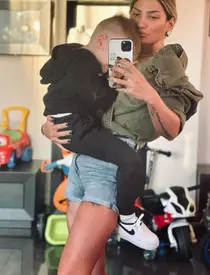 ana-dobrovie-tatuaj-7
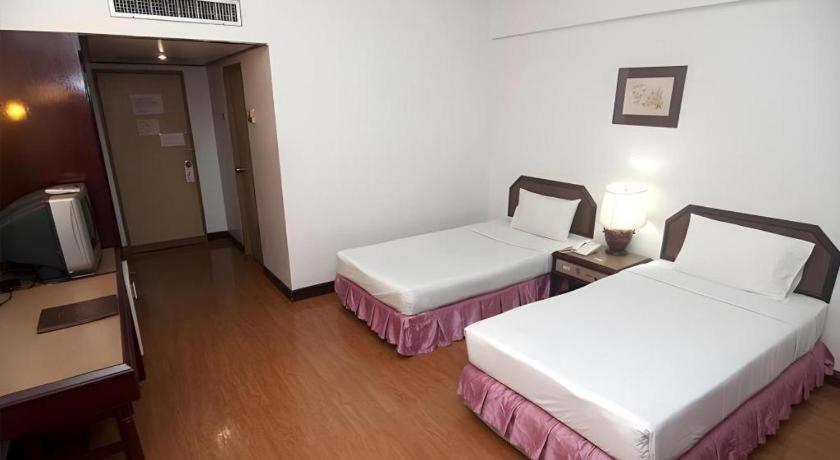 Florida Hotel Хатъяй Экстерьер фото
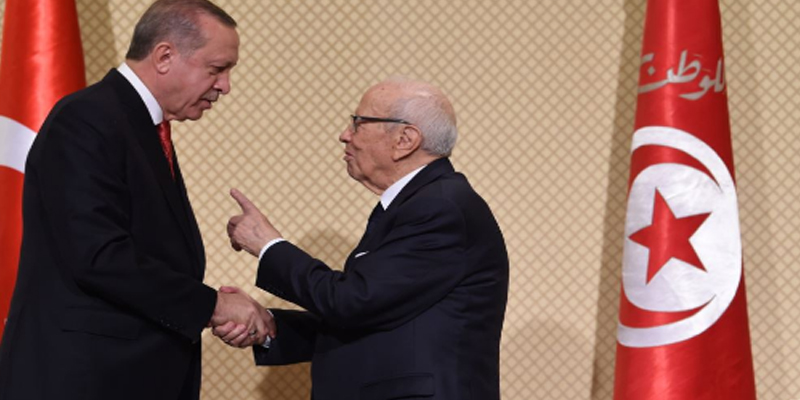 أردوغان يتصل برئيسي الجمهورية والحكومة على خلفية الأحداث الأخيرة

- _Task prompt_:
Pictures stay out; everything else in the listing above is to be repeated exactly.

- _Response for this exercise_:
 ana-dobrovie-tatuaj-7
 Florida Hotel Хатъяй Экстерьер фото
 أردوغان يتصل برئيسي الجمهورية والحكومة على خلفية الأحداث الأخيرة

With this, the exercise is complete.